Все-таки микстура доктора подействовала, и я заснула. Судя по всему, ненадолго, за окном по-прежнему было светло, а комнате никого не было. То есть это мне так показалось, что – никого, но как только я попыталась встать с кровати – по вполне уважительной причине – из какого-то угла тут же возникла уже знакомая мне женщина в темном платье и чепце.

– Княгинюшка, голубушка, не велел дохтур-то подниматься.

– Но мне нужно, – опешила я.

– По малой или по большой? – совершенно естественным тоном задала вопрос неидентифицированная мною пока дама.

– По малой, – буркнула я, заливаясь краской.

– А смущаться нечего, красавица моя, сей минут я вазу-то ночную представлю.

– Да я бы и сама…

– Вот поправитесь, так конечно сами все будете. А сейчас уж не взыщите.

Я не взыскала. Удовлетворила свои потребности, мимоходом отметив, что предоставленная мне ваза была действительно фарфоровым произведением искусства, а когда женщина унесла ее и вскоре вернулась, задала прямой вопрос:

– Вы кто?

– Ох, княгинюшка, и верно говорят, что болезнь вам вовсе память отшибла. Катерина я, камеристка ваша. С тех пор, как государыня Екатерина Алексеевна, царствие ей небесное, меня к вашей персоне приставить изволили, так и служу.

– И когда это было?

– Да сразу, как вас, цветочек нежный, девочку застенчивую, в Россию привезли. Тому уж годков шесть будет.

Один источник бесценной информации был найден. И вся прелесть заключалась в том, что эта самая Катерина ответит на любые вопросы, ничему не удивляясь. Память-то у княгинюшки отшибло напрочь, вот беда. Как тут не помочь беде?

– Давно я болею, Катерина?

Та взглянула на меня и быстро вытерла глаза рукавом.

– Вот… Забыли, что завсегда меня Катюшей звали…

– Ну, прости, Катюша, прости, милая, не виновата я, что вот такая оказалась. За что-то Бог наказал.

– Да за что вас наказывать-то, ангела безгрешного? Уж ежели кто и виноват в вашей хвори, так шелопут этот, князь польский. Он с вами гулял, да все удерживал: погодите, мол, да подождите, мол.

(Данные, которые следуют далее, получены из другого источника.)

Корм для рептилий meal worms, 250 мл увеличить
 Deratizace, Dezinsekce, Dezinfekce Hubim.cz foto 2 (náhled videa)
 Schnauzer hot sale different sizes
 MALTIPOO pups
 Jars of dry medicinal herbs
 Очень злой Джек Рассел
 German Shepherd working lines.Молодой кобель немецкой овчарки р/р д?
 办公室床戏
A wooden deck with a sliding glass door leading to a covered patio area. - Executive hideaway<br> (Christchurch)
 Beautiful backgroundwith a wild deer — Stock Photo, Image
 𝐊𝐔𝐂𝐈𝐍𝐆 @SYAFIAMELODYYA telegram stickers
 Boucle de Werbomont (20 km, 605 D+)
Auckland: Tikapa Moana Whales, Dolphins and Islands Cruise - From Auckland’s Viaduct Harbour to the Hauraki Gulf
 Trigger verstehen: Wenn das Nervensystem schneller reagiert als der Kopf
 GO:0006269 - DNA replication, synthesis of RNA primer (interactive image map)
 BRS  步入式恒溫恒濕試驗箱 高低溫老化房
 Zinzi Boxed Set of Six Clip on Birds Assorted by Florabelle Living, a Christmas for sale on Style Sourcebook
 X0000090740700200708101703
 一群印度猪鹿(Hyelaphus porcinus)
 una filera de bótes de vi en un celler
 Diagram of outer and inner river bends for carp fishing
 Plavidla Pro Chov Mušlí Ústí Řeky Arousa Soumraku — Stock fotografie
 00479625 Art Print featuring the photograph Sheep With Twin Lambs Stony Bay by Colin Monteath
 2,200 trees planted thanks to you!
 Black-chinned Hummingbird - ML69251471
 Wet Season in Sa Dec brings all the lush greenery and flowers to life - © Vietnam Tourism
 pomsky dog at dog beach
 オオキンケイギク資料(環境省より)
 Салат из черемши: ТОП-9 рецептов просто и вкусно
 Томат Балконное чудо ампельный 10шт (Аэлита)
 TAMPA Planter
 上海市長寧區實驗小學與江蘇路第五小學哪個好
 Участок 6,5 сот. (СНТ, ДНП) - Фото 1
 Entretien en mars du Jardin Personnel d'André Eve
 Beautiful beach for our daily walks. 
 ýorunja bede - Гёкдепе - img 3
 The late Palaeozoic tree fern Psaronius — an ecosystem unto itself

Вот и догулялись.

– А его высочество где же был? – осведомилась я, догадываясь, что польским шелапутом Катерина называла князя Адама Чарторыжского, про которого я читала, что он активно ухаживал за Великой княгиней и даже, по скандальным сплетням, был отцом ее первого ребенка.

«Поляка – вон, – решила я про себя. – Без ухажеров, тем более, иностранных, обойдемся. И наедине я его более принимать не стану. Поскольку ребенка рожать нужно, это даже не обсуждается, а всякие подозрения мне ни к чему».

– А великого князя, который с вами спервоначалу гулял, государь-император к себе позвать изволил. Уж по какому делу – то мне неведомо. А к ночи у вас, княгинюшка, жар начался, да такой сильный…

– Катюша, скажи, кому там следует, чтобы этого князя польского более на порог ко мне не пускали. Из-за него я в таком положении оказалась, что язык родной напрочь забыла.

– Как это?! – ахнула Катерина.

– А так, что два-три слова помню, а более ничего. Спасибо, хоть русский язык мне Господь сохранил.